The coronavirus outbreak has been devastating in so many ways. Thankfully, it seems that the outbreak's exponential growth is under control due to stringent social distancing measures. Of course, successful social distancing means a dramatic slowdown in economic activity. It's already leading to dramatic job losses, bankruptcies, record-levels of monetary and fiscal stimulus, and a bevy of effects that depend on other unpredictable variables.

Slowing Ad Spending

Any recession tends to hurt companies and industries that are over-leveraged or amid a secular slowdown. It also leads to a decrease in consumer spending on discretionary items and forces businesses to retrench and cut expenses, as they focus on survival. This time, it's leading to a sharp drop in advertising spending which is negative for Facebook (FB  ) and Google (GOOG  ).

Ad rates for digital advertising are down between 30 to 50%. Some of this is being made up by higher impressions since people are spending more time online. In this bull market, one of the big drivers of online ad spending has been direct to consumer brand startups. These startups' growth strategy is to take venture capital spending and build businesses around selling products to consumers and use social media to raise awareness.

Google and Facebook Short-Term vs Long-Term

There's a lot of similarities to Yahoo during the dot.com bubble. Since Yahoo was the premier search engine at the time, there was a huge demand for ad spending on the site. However, when the dot.com bubble burst, Yahoo's revenues slowed down and ad rates dropped. This is likely to happen to Facebook and Google in the short-term.

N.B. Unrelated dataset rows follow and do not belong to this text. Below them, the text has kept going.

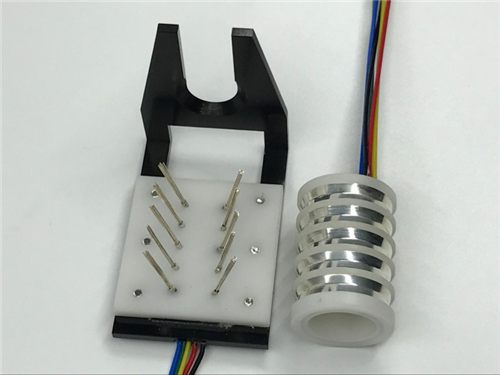 Customized Separate Slip Ring As Per Your Dimension And Requested Circuits
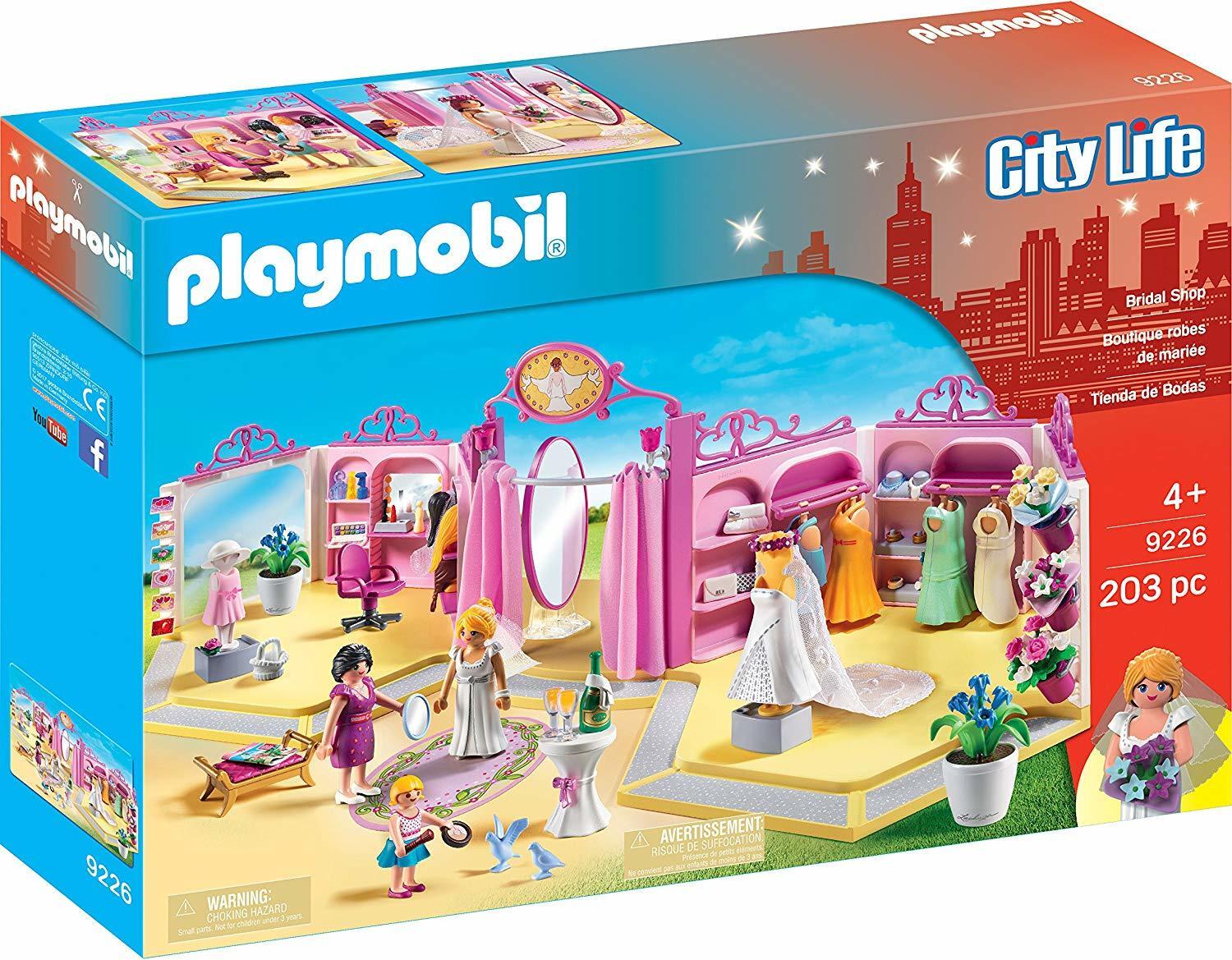 Buy Playmobil Bridal Shop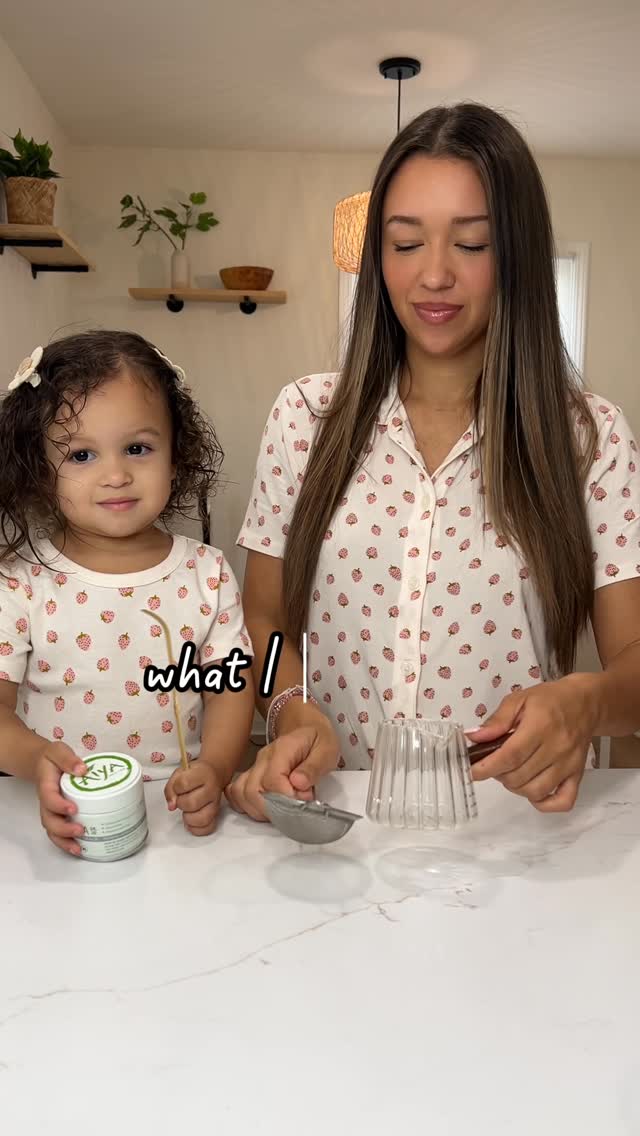 Instagram post by @gabrielamkv for Postmates. Caption reads: glimpse of what I eat in a day🍵🫶🏼 ft.....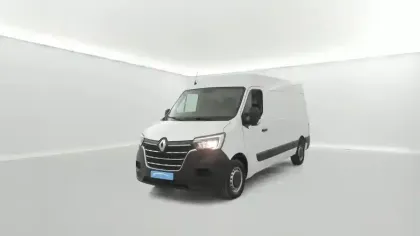 Photo 46 Renault Master  FGN TRAC F3500 L2H2 BLUE DCI 150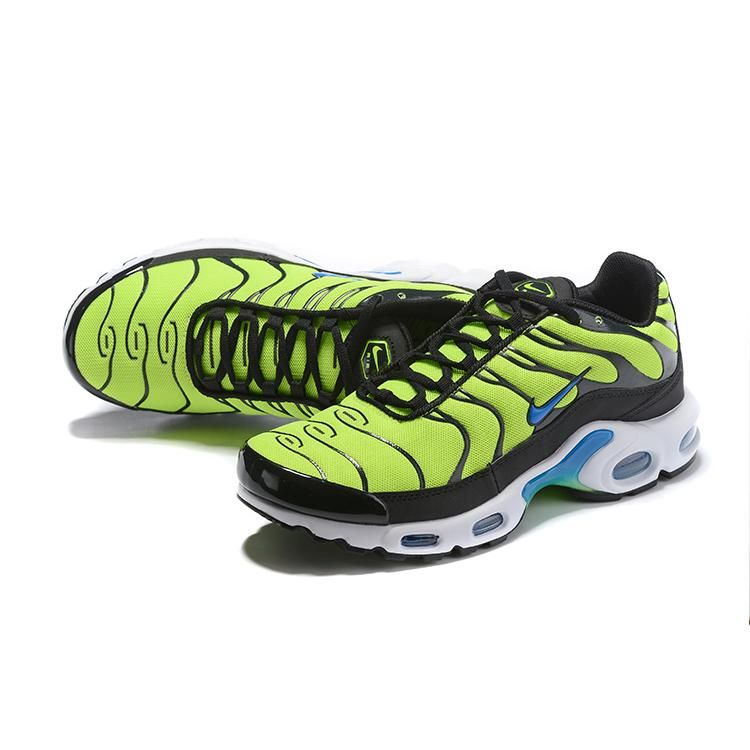 AIR MAX PLUS TN ‘LIME RACER BLUE’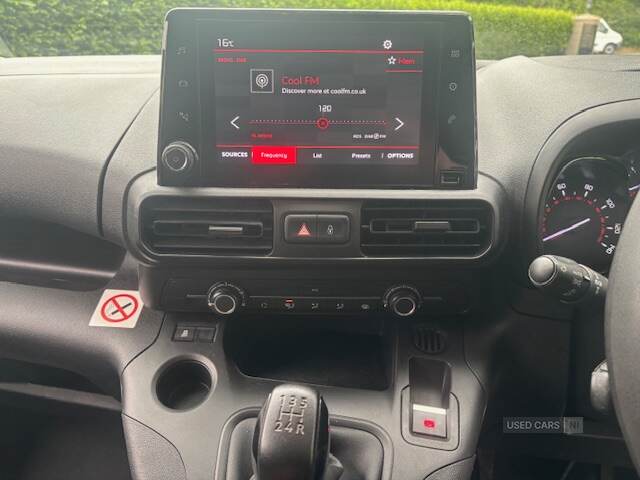 Citroen Berlingo M DIESEL in Derry / Londonderry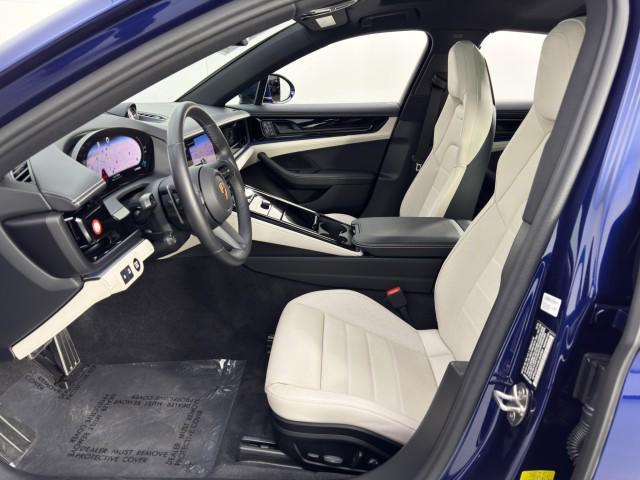 used 2025 Porsche Panamera car, priced at $120,000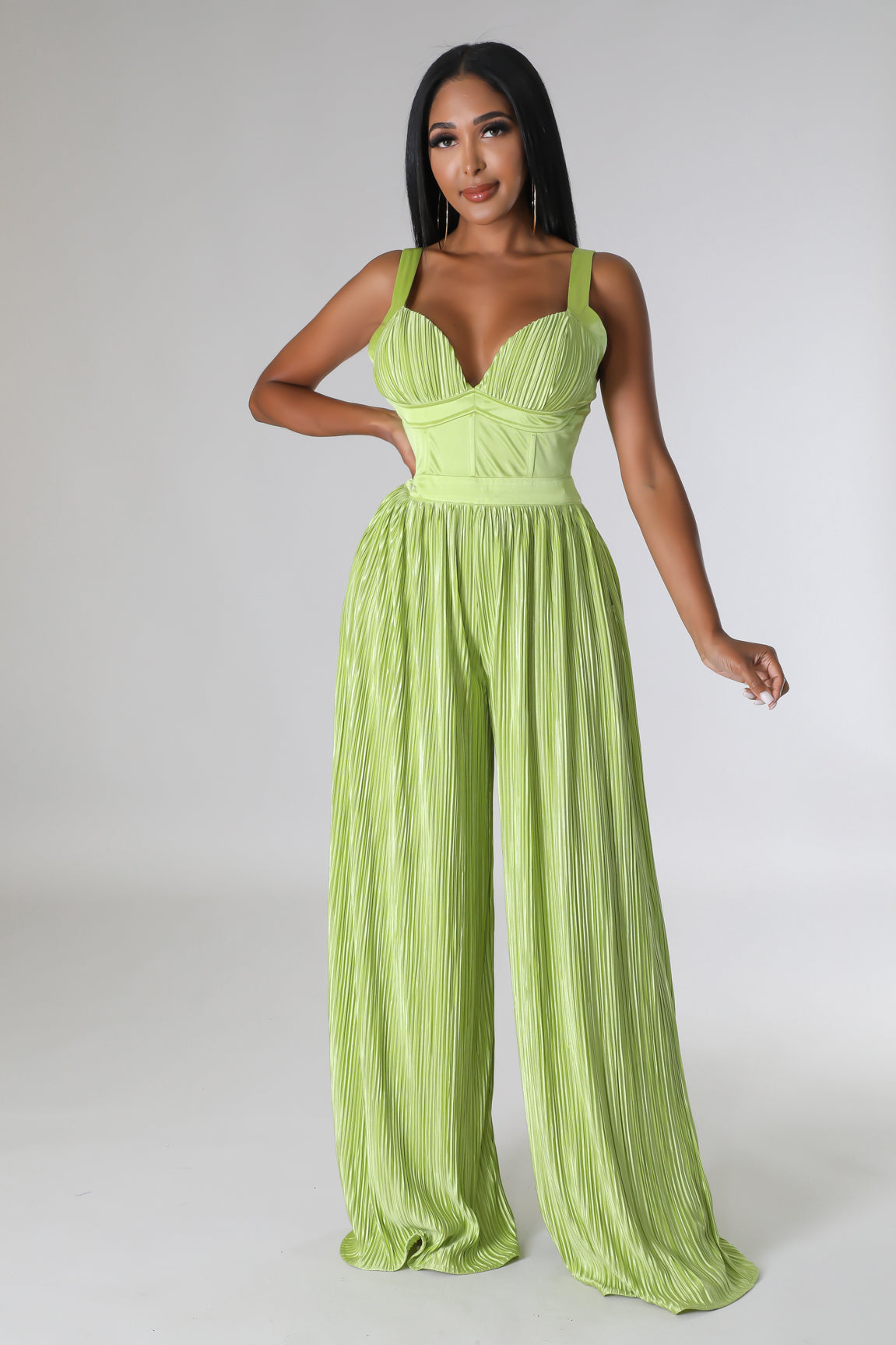 Lelania Jumpsuit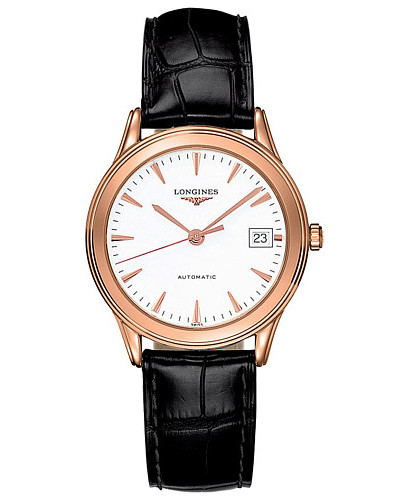 Longines Flagship L4.774.8.22.2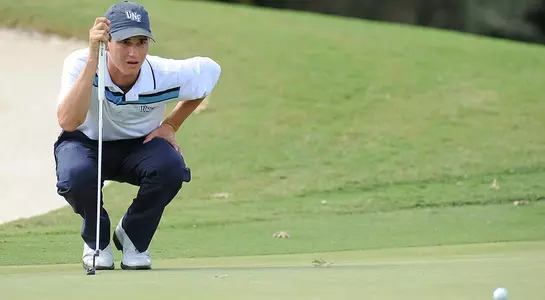 Phillip Knowles action picture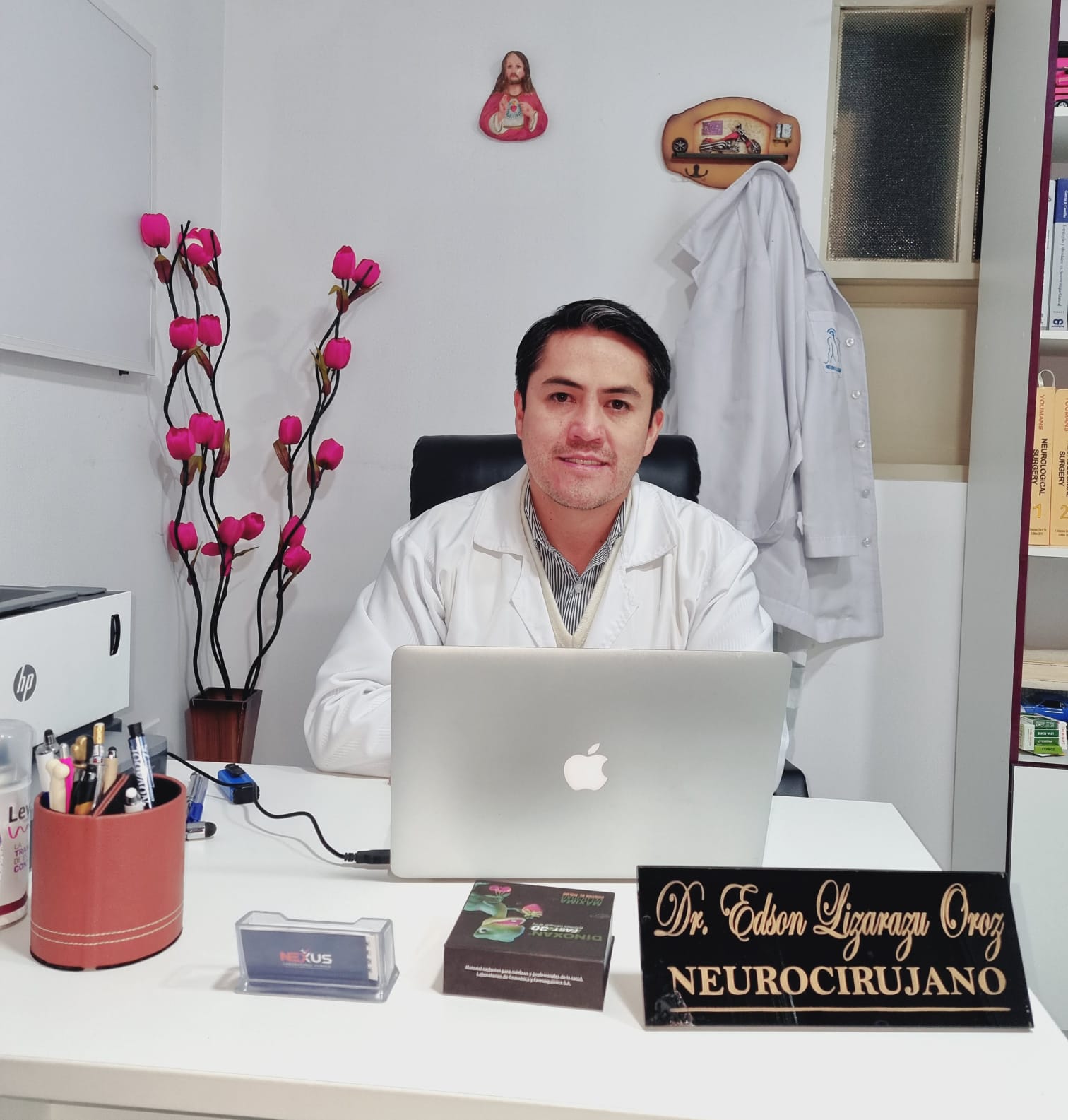 Dra. Magaly Fernandez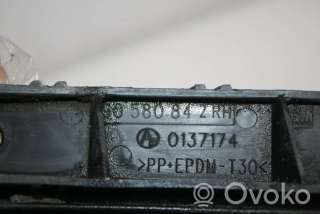 Кронштейн крепления бампера заднего Opel Zafira A 2000г. 90580842, 0137174 , artASL10407 - Фото 3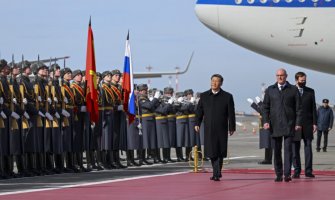 Si Đinping: Pozvao sam predsjednika Putina da posjeti Kinu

Since the stock market bottom on March 23, it's interesting to note that of the 'FANG' stocks, Amazon (AMZN  ) and Netflix (NFLX  ) are close to exceeding their late-February highs. In contrast, the bounces for Facebook and Google have been much more tepid. Both are about 20% higher from their lows, while Netflix and Amazon are 34% higher. Additionally, they had more modest declines.

Of course, these divergent paths are not surprising as the conditions which are pressuring Facebook and Google's revenues are positive for Netflix and Amazon's revenues. However, in the long-term, the secular shift towards more advertising dollars spent digitally is only going to continue. At some point when economic activity returns to normal whether that is in months or years, ad spending will certainly rebound, and Facebook and Google will capture a bigger piece of the pie.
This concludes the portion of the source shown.